Не исключено, что материальные потери деревни в годы первой пятилетки вполне сопоставимы со стоимостью возведенных «гигантов индустрии». Однако такими расчетами историки и экономисты еще не занимались.
Тем не менее очевидно, что сельское хозяйство после событий 1929–1933 годов в Советском Союзе стало нерентабельным и далее требовало постоянной государственной поддержки. Не менее очевидно, что подобные катастрофические потери никак не говорят о том, что развитие советского хозяйства в этот период с точки зрения последствий было «бескризисным».
Катастрофически упал уровень жизни населения. Карточная система была отменена только в 1935 году. По совокупности уровень личного потребления (питание, товары широкого потребления и т. п.) советских граждан оказался ниже не только уровня 1913 года, но и уровня 1926–1927. Средняя зарплата рабочего в 1933 году составляла 125 рублей в месяц, служащего — от 70 до 90 рублей при реальной коммерческой цене 1 кг хлеба 4 рубля. В 1912–1913 батрак на подённой работе у зажиточного кубанского казака получал на хозяйских харчах 1–1,5 рубля в день. Спустя 20 лет «трудодень» кубанского колхозника стоил в 3–5 раз меньше, не говоря уже о нищенском характере окружавшей его жизни.
Жертвами коллективизации и голодомора 1930–1933 стали 8–8,5 млн человек. Это были огромные потери трудовых ресурсов, ослабившие страну и общество не только экономически, но и политически. Подобных чудовищных потерь населения «кризисный» капиталистический мир, мир Великой депрессии, не знал.

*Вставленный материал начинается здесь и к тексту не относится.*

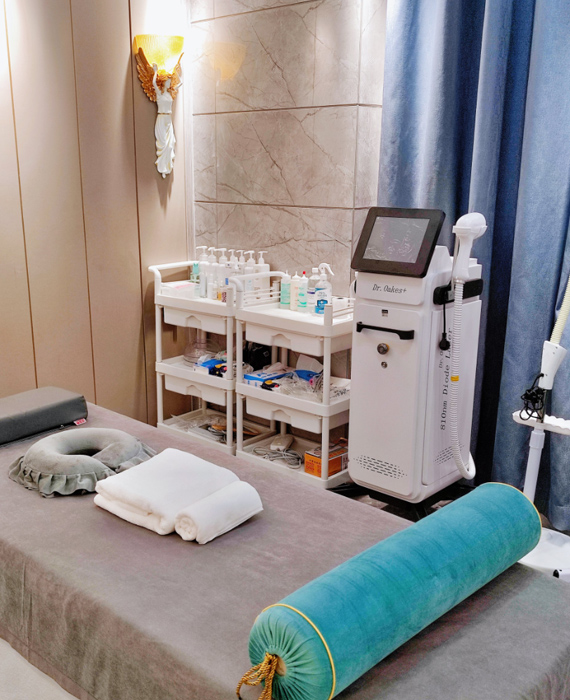 南京秦淮区桑拿会所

В годы первой пятилетки коммунисты заложили основы принудительного труда для трудоспособного населения Советского Союза, как в колхозах, так и на госпредприятиях, фабриках и заводах. Однако ценность и эффективность подобного труда, который вполне можно назвать рабским, была низкой и малопродуктивной.
Что же было целью огромных человеческих жертв и лишений? Желание показать преимущества социалистической экономики, улучшить уровень жизни людей? Нет. Приоритетом для номенклатуры во время первой и второй пятилеток стал советский военно-промышленный комплекс. В 1928–1929 военные расходы «страны победившего социализма» составляли 93 млн фунтов стерлингов, а в 1932 — уже около 140 млн. Если по состоянию на 1 января 1932 в РККА насчитывались 1446 танков и 213 бронеавтомобилей, то на 1 января 1934 — 7574 танка и 326 бронеавтомобилей — больше, чем в армиях Великобритании, Франции и нацистской Германии вместе взятых.

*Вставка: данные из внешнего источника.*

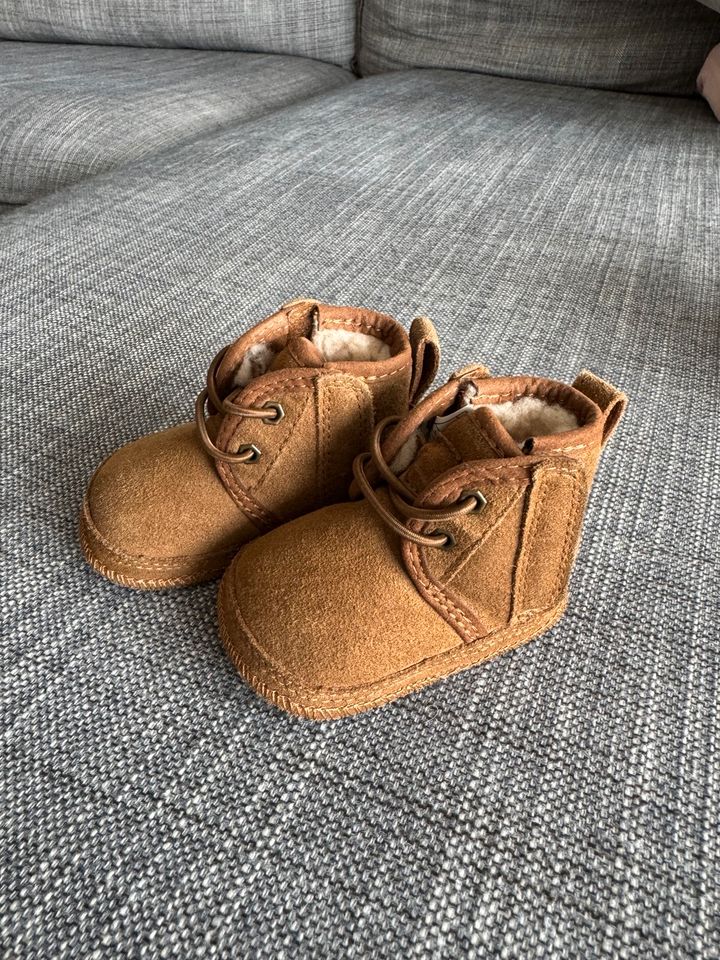 UGG Babyschuh in Wolfsburg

Еще в 1931 году, в разгар выполнения первого пятилетнего плана и задолго до прихода Гитлера к власти, цели строительства и содержания огромной и обременительной для страны армии так недвусмысленно формулировались в документах II (мобилизационно-организационного) управления штаба РККА: «Наша партия…будет всё более активно выполнять свою роль международного двигателя пролетарской революции, толкающего пролетариев всех стран к захвату власти».

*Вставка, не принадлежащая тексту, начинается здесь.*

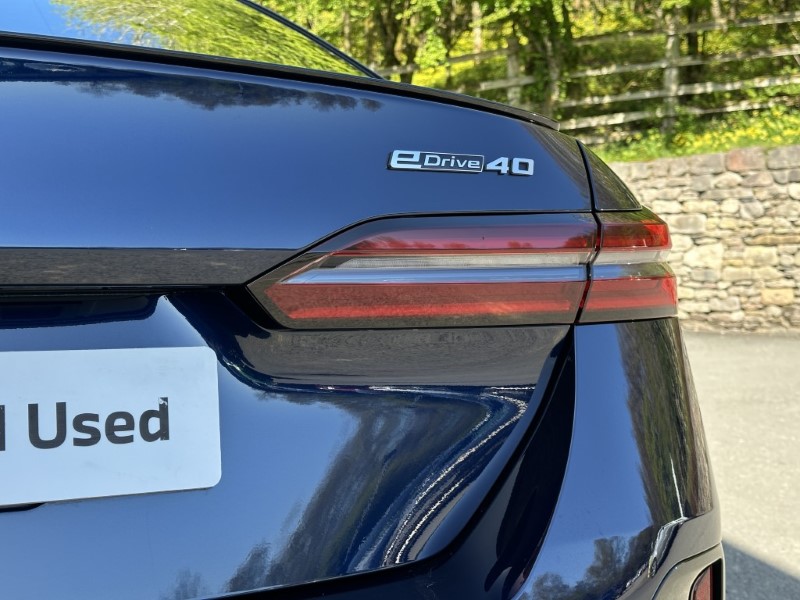 2024 (24) BMW I5 250kW eDrive40 M Sport Pro 84kWh 4dr Auto 5322557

Индустриализация резко отрицательно отразилась на демографическом состоянии общества и его благосостоянии, на народном хозяйстве в целом.
Её подлинная цель заключалась в создании для советского населения специфических условий государственного принудительного труда и производства. Такую сверхзадачу большевики решили. Сложившаяся в первой половине 1930-х годов сталинская экономическая система в полной мере гарантировала высшей партийной номенклатуре ВКП(б) сохранение и удержание власти внутри страны, а также открывала перспективы для реализации собственных внешнеполитических планов, связанных с советизацией Европы. Однако никаким «модернизационным проектом», тем более примером «эффективного менеджмента» осуществленная на крестьянских костях «индустриализация» не была, принеся населению России большие лишения, чем Великая депрессия населению капиталистических стран.